До нас доносился слабый запах ладана, смешанный с ароматом недавно срезанных цветов, возложенных на алтарь. В каждом закоулке здесь были расставлены кресты и горящие свечи, а в неглубоких нишах стояли статуи святых. Цветные витражи возвышались до самой крыши. С потолка на цепях свисали большие светильники. Полы были мраморные, а деревянные скамьи украшены ручной резьбой. И все-все здесь дышало набожностью и вечностью.
По холодным мраморным плитам пола шаркало множество ног, и звук отдавался эхом, а прихожане шли и шли по центральному проходу между скамьями, опускались на колени, склоняли голову, осеняли себя крестным знамением, а потом тихо устремлялись к своим местам. Как и в любой церкви, здесь не было постоянных, закрепленных за каждым прихожанином мест, но все при этом знали, кто где обычно сидит, и, чтобы не попасть в неловкую ситуацию, я схватил Мэтта за фалду сюртука и направил его к одной из скамей, где-то поближе к двери, но он покачал головой и указал на места впереди. Мы последовали за ним и сели на девятую скамью спереди. В начале седьмого звуки органной музыки заставили всех присутствующих подняться: это зазвучал трогающий за душу гимн, и в храм вошли священнослужители. Первый из них нес большой деревянный крест, второй – кадило с ладаном, клир дружно запел, и через пять минут нас приветствовал отец Боб, высокий, лысый, смуглый, широкоплечий мужчина с уже седеющими бакенбардами.
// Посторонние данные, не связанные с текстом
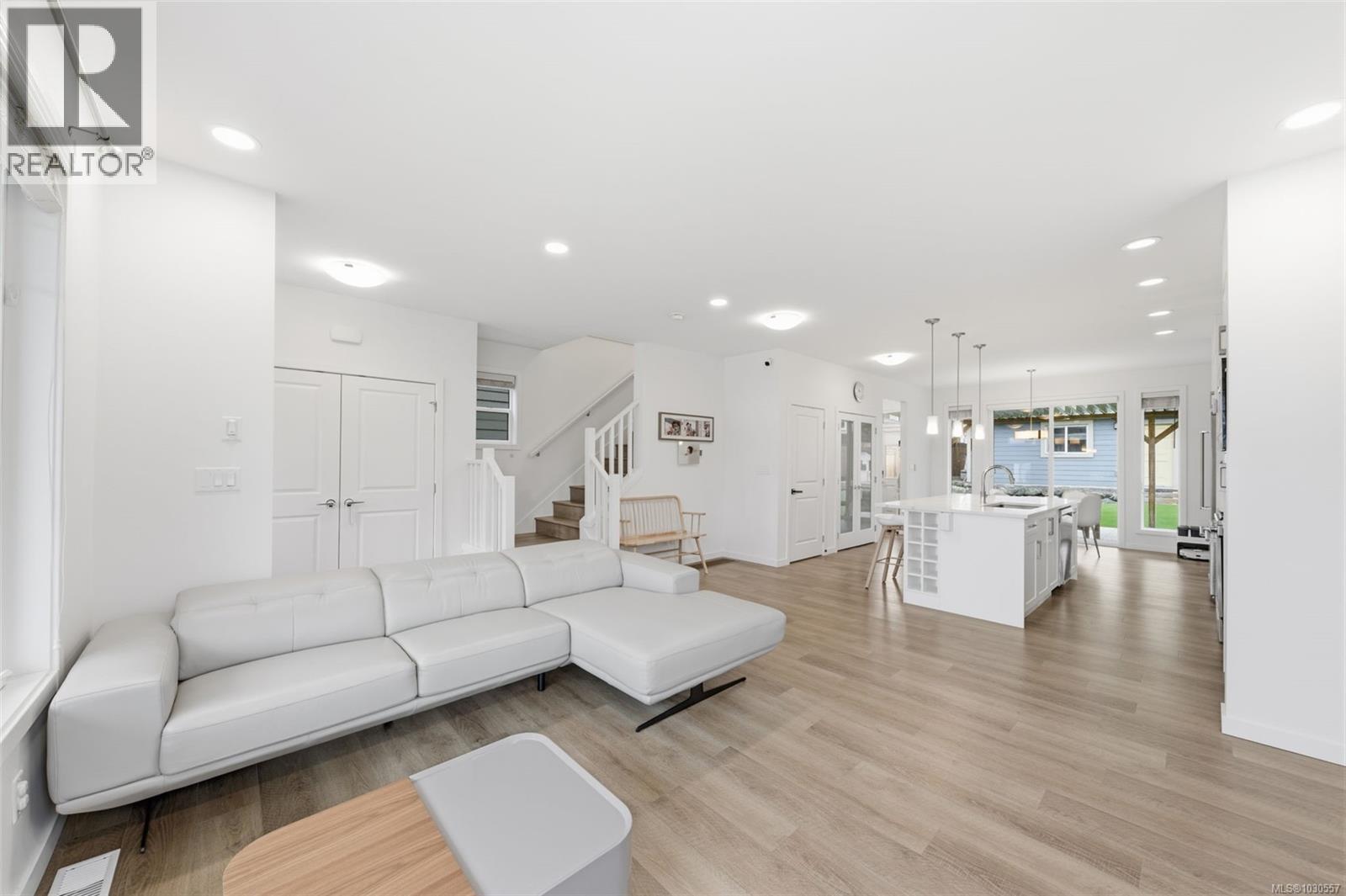 173 Caspian Dr, Colwood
Голос у него был низкий и умиротворяющий. Он наводил на мысль, что, может быть, исповедь не так уж страшна сама по себе, и улыбка у него была искренняя и приятная. Поприветствовав паству, он перекрестился и несколько раз перекрестил присутствующих, и чем-то, к стыду моему, живо напомнил мне бейсболиста во время третьей подачи.